# [INFORMATION SUPPLIED]

____________________

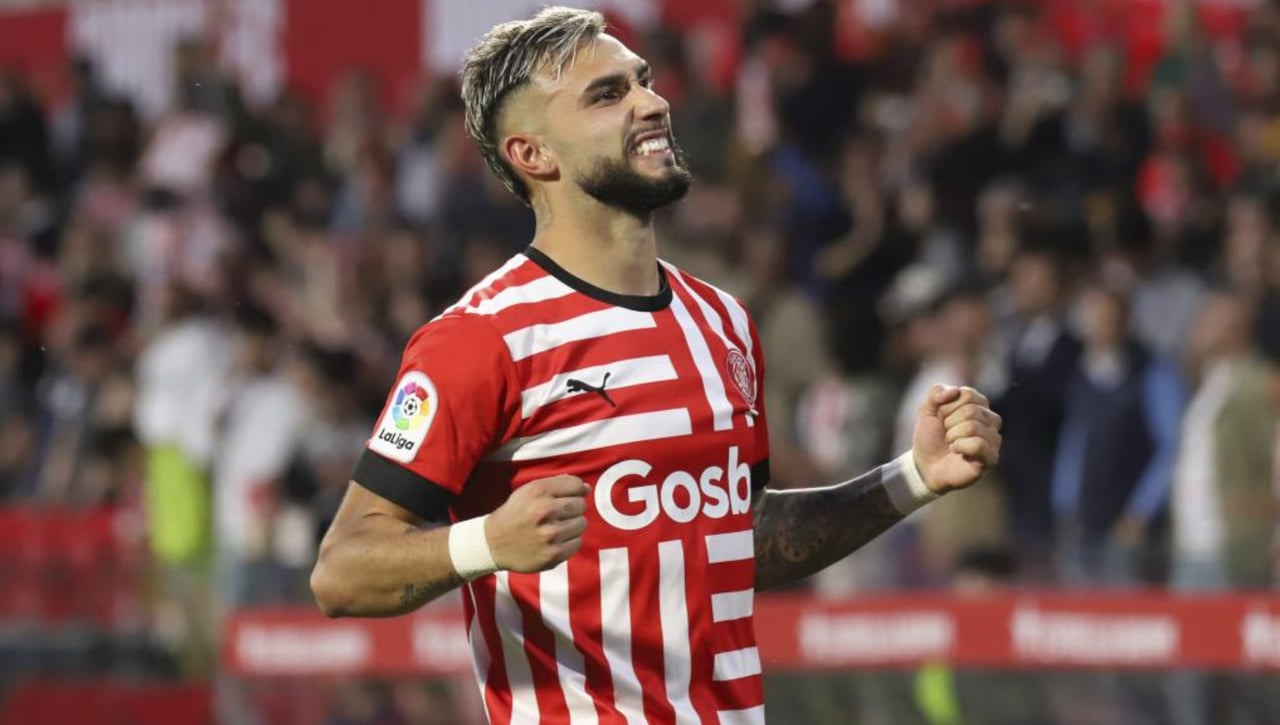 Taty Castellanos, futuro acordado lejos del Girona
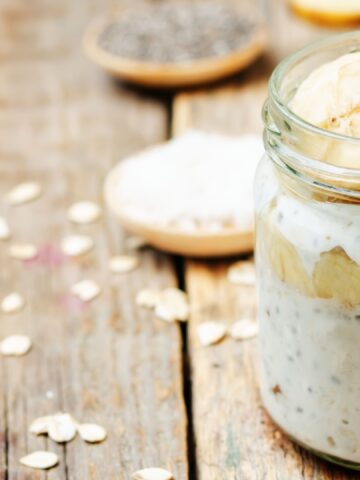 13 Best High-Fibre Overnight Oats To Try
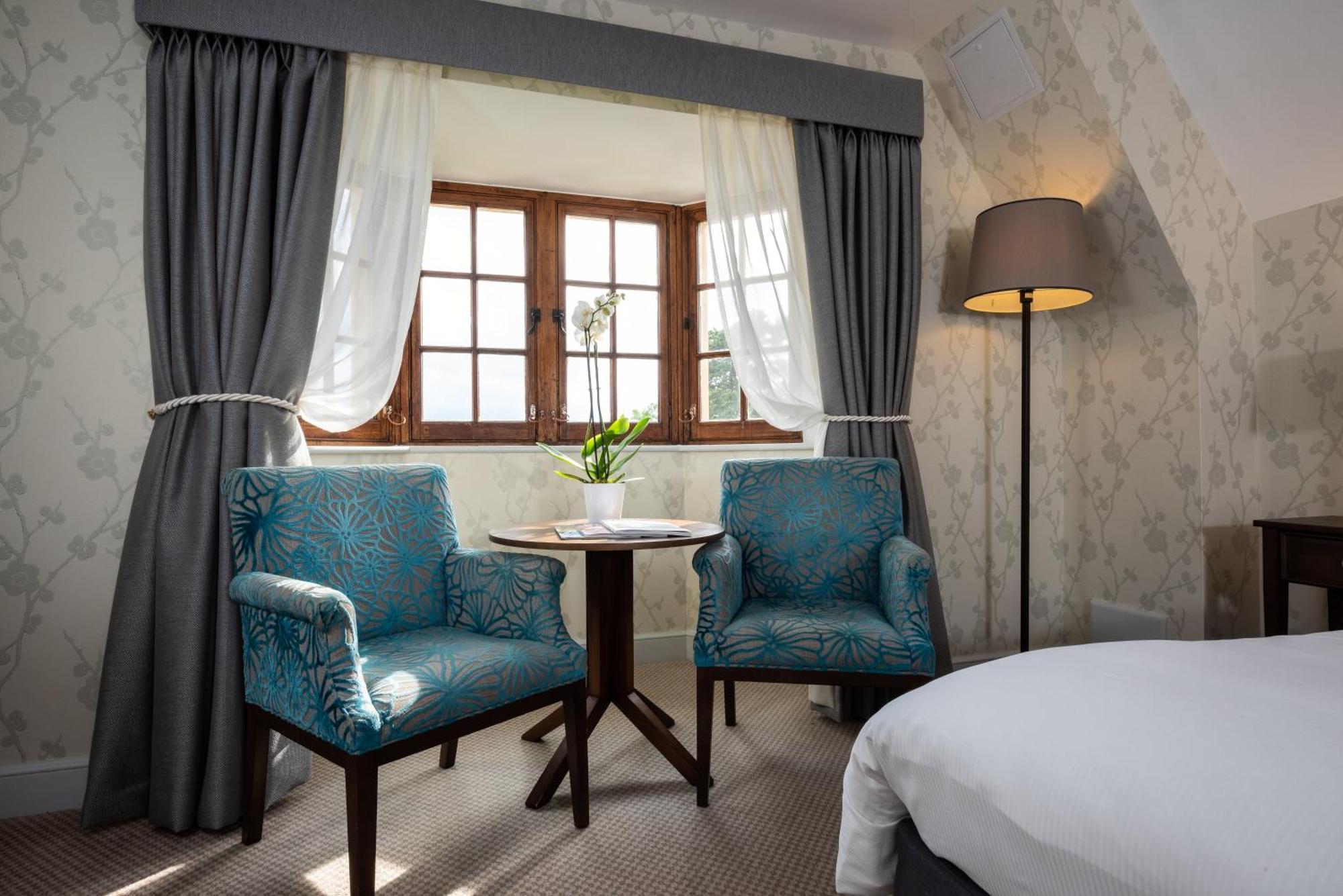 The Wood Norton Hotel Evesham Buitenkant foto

____________________

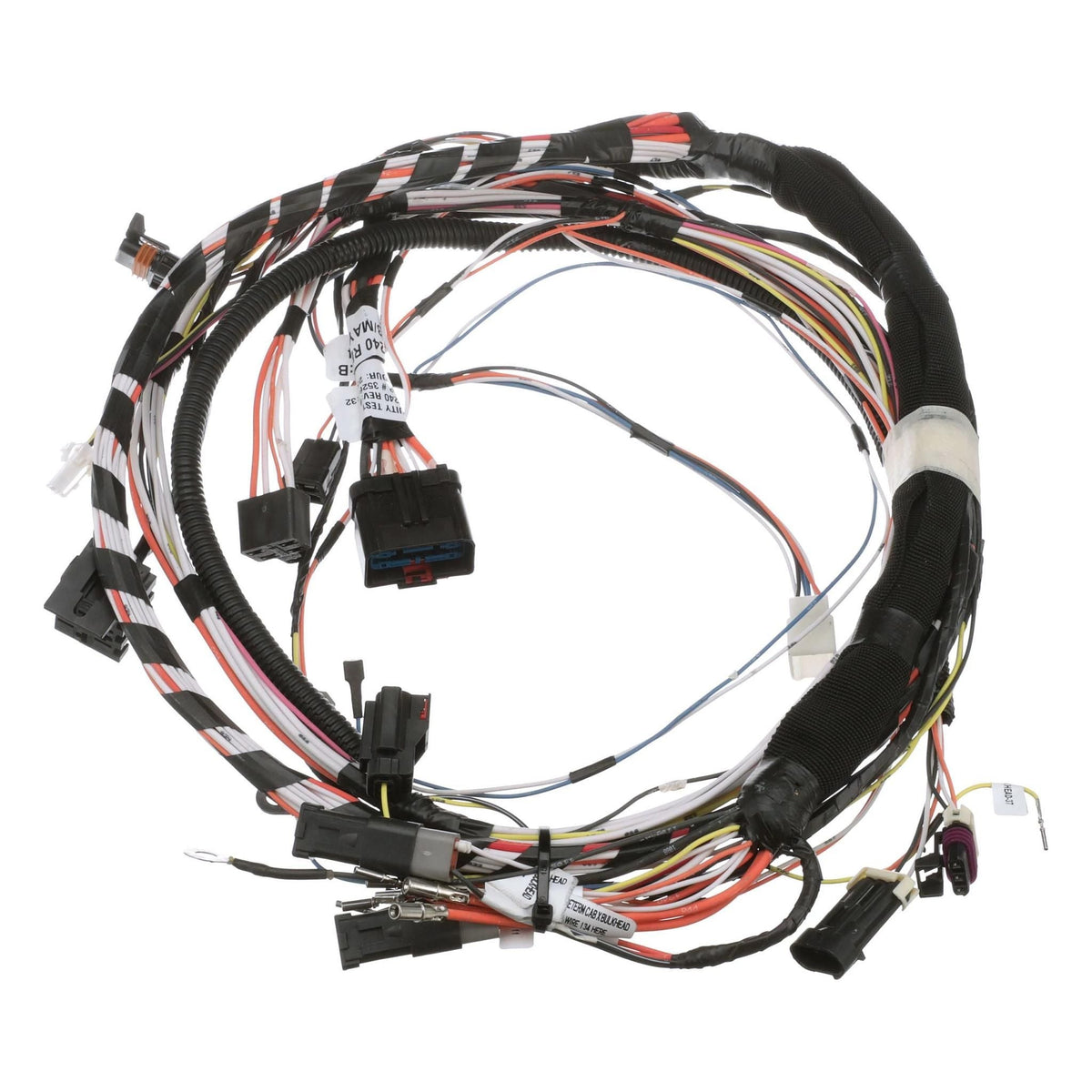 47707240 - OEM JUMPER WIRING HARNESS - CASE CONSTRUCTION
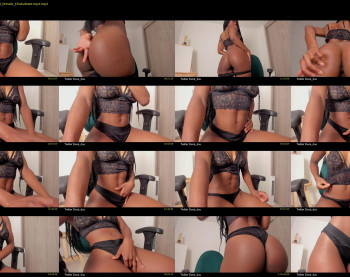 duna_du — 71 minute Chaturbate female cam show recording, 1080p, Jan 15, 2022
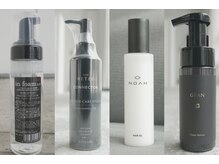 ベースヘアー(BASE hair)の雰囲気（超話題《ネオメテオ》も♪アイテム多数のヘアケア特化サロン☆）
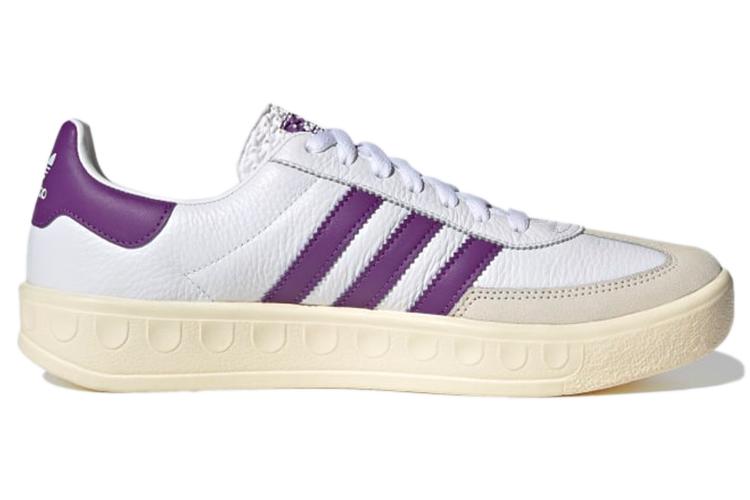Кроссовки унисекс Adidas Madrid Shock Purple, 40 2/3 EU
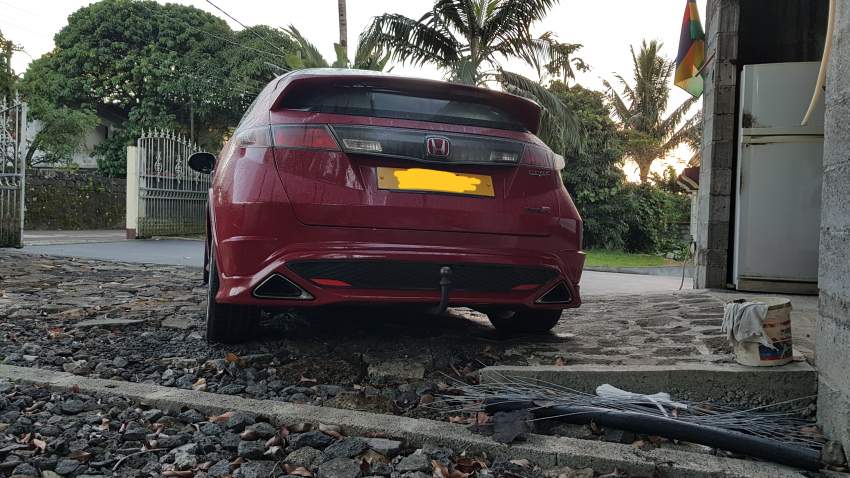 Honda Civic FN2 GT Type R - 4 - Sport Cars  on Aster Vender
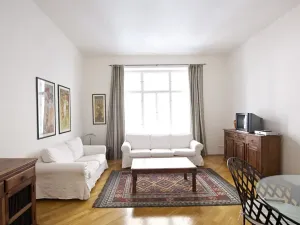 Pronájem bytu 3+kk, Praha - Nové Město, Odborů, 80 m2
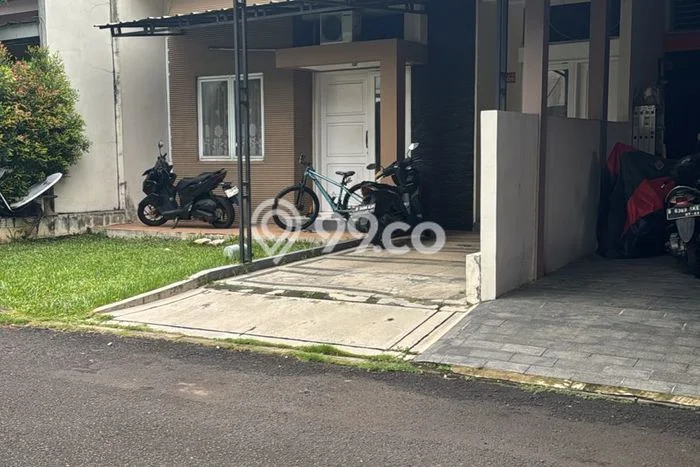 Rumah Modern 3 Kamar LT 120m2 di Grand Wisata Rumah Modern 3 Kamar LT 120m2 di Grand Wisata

____________________

# [WORK ORDER]
If a picture sits between the line containing "Taty Castellanos, futuro" and the line containing "The Wood Norton", leave it out, and return the lines of that range above exactly, both ends included.

# [RESPONSE AREA]
 Taty Castellanos, futuro acordado lejos del Girona
 13 Best High-Fibre Overnight Oats To Try
 The Wood Norton Hotel Evesham Buitenkant foto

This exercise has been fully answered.